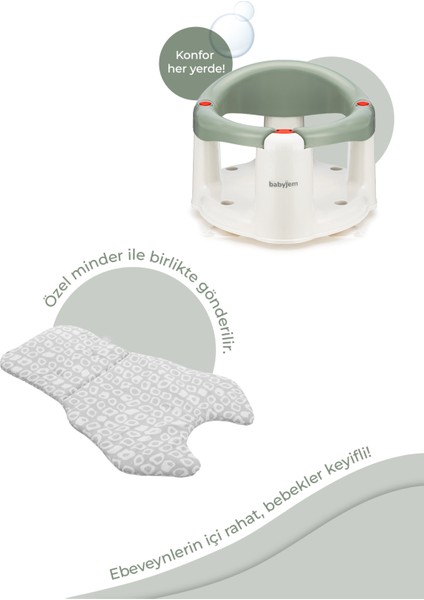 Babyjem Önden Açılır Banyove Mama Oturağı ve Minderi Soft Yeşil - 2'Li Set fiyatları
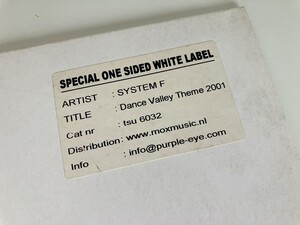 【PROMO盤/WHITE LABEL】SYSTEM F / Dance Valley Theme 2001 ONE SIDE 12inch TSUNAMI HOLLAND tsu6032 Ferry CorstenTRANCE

==

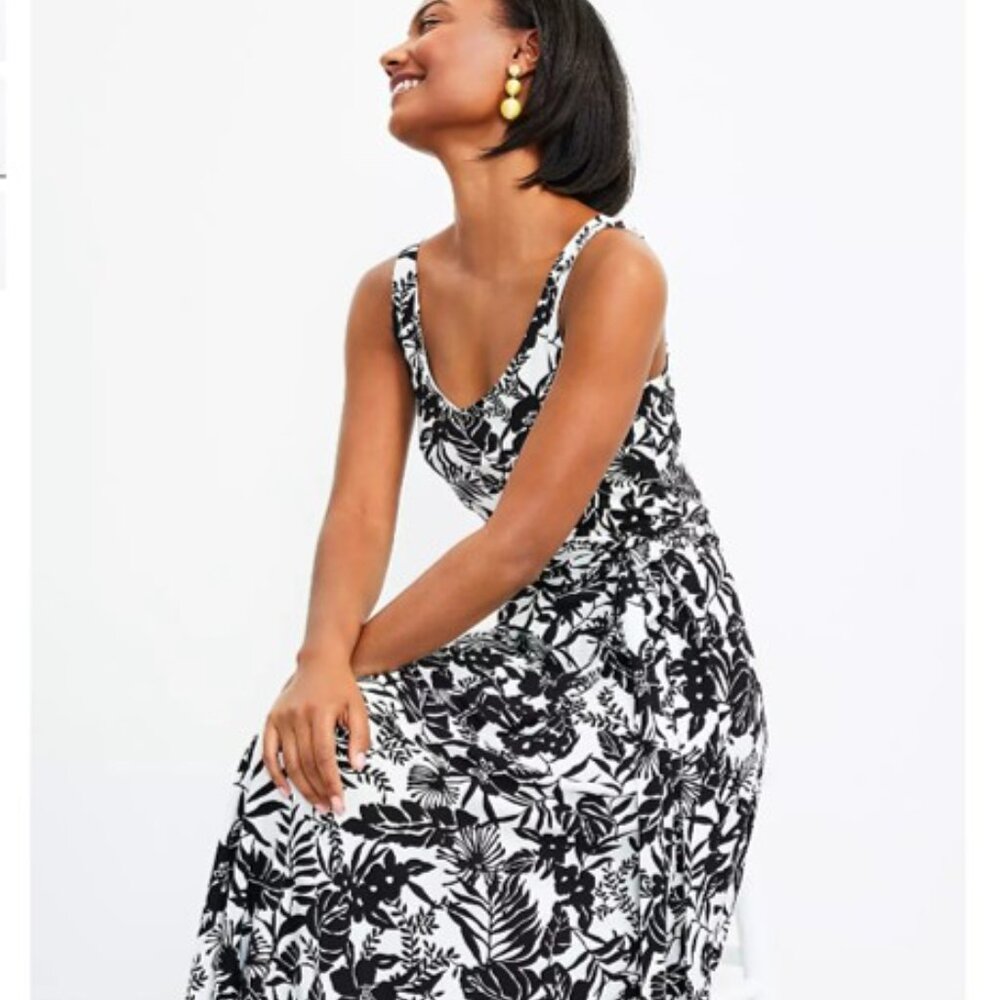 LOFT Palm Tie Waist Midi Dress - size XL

---

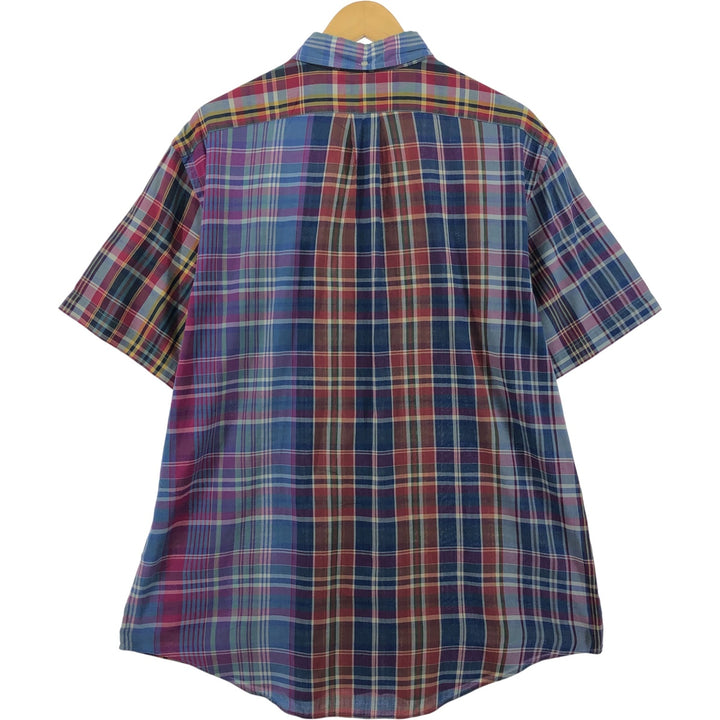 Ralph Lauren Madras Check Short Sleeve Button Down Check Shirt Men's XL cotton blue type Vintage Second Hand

WHAT THE EXERCISE ASKS
Only the lines above from the one with "Babyjem Önden Açılır" to the one with "tsu6032 Ferry CorstenTRANCE" should be printed, both included and exactly as written; no picture belongs in the copy.

SOLUTION FOR THIS TASK
 Babyjem Önden Açılır Banyove Mama Oturağı ve Minderi Soft Yeşil - 2'Li Set fiyatları
 【PROMO盤/WHITE LABEL】SYSTEM F / Dance Valley Theme 2001 ONE SIDE 12inch TSUNAMI HOLLAND tsu6032 Ferry CorstenTRANCE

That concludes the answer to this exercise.